Встаёшь, чтобы выйти… Это тоже повторяющийся архетип – прохождение между рядов одного среди всех, но это может быть и в автобусе без штанов, и иной, героический случай – после того как всё сказал: «И вот я кончил, я иду в узком проходе между скамьями, и кругом такое молчание, напряжение и дыхание, словно там не выход, куда я иду, а могила, обрыв, небытиё. Я иду и просыпаюсь с каждым шагом» (I, 130). Тоже сновидче—ский вариант, но у деда в его 21–м году это, видимо, был не сон: «И все молчали. Ах, как долго и стремительно шёл я к выходу в этом молчании!» (II, 348). Это тоже ведь – человек на свету. Позор и подвиг сходятся в общем образе испытания, которое дед проходит в реальности и в том далёком 21–м году, а его современный потомок – в мечте и в ночном кошмаре (или в реальности как ночном кошмаре).

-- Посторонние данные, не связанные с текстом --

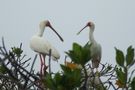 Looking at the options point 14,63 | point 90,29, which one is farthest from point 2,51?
point 90,29

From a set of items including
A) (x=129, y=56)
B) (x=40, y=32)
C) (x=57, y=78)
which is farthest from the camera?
(x=40, y=32)

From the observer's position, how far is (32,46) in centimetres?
949

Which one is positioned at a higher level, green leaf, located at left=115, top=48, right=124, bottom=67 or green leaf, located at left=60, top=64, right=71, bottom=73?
green leaf, located at left=115, top=48, right=124, bottom=67

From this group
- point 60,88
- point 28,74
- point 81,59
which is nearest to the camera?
point 60,88

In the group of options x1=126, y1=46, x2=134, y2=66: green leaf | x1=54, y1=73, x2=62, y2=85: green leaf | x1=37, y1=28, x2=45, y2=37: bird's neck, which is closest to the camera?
x1=54, y1=73, x2=62, y2=85: green leaf

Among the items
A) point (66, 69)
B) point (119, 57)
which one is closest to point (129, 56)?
point (119, 57)

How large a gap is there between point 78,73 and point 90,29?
353 inches

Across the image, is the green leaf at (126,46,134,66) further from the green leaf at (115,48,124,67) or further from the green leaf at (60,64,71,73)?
the green leaf at (60,64,71,73)

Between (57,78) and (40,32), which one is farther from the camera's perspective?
(40,32)

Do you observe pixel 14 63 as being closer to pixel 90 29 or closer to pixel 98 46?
pixel 98 46

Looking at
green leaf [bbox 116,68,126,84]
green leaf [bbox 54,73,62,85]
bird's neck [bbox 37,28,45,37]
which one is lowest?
green leaf [bbox 54,73,62,85]

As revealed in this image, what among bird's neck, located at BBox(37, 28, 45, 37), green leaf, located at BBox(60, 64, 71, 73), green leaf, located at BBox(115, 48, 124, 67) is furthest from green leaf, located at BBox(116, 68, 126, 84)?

Ситуация власти автора над героем занимает писателя Бито—ва чрезвычайно, и в литературном мире его она развёрнута с юмором и вполне всерьёз. Она так его занимает, что ближайшая повесть его должна называться «Общество охраны героев» (от авторов) – эту повесть на протяжении уже нескольких лет (1996–1999) анонсирует журнал «Новый мир» (но никак она при этом в журнале не появляется), между тем как идея такого общества («в какой—нибудь прекрасной стране, ещё более прекрасной, чем Англия») была рождена ещё в романе (II, 340). Смерть героя от автора – крайний случай проблемы, но и моральная вивисекция автора над героем тоже относится к ней. Это дело авторской совести в большей мере, чем в отношениях с живыми людьми, – решает автор. Центральный пункт проверки литературного авторства как обоснованной и оправданной, как бы законной власти.
Так что такое вот философское недоумение автора маячило за концовкой раннего рассказа, если поставить там магический кристалл. В последней крупной вещи автора – «Ожидании обезьян» – есть эпизод, побуждающий вспомнить о том рассказе. Здесь тоже в самом начале бессвязная и не названная прямо по имени смерть, – фигура в красной рубахе то ли пьяного, то ли мёртвого, разлегшаяся на обочине «так вольно, так расслабленно», увиденная из окна автобуса и напомнившая знакомого ещё по более раннему «Человеку в пейзаже» Сенька—Семиона (он ли это был или нет, но его на дальнейших страницах хоронят тоже в красной рубахе). «Автобус наконец отошёл, и я почему—то забеспокоился об этом человеке. Что с ним?.. Никогда не узнаю уже – еду (…) Однако по мере удаления тревога всё росла, будто натягивая ту единственную нить, которая ещё связывает с жизнью… Можно, можно было ещё успеть остановить автобус, побежать назад, помочь, даже спасти… Ужас никем не отмеченного происшествия был странно знаком…» (IV, 127–128). Как теперь оказывается, он был знаком еще с 1959 года, и вот публикация «первой книги» («сто первой», как шутит автор, выписывая полную библиографию своих изданий на обложке) позволяет сравнением параллельных мест на тему чужой посторонней смерти измерить путь. Теперь с ответственностью автора за персонажа обстоит как—то иначе. Она звучит, она горит этой красной рубахой: можно было ещё спасти забытого на обочине. Сигнал тревоги на первых страницах, сообщающийся всей книге и вливающийся в её эсхатологию. Тоже бессвязная смерть, но в связном контексте, в ёмком тексте, несущем общую тему спасения и нашей к нему в то же время и призванности и неготовости («Оглашенные»!).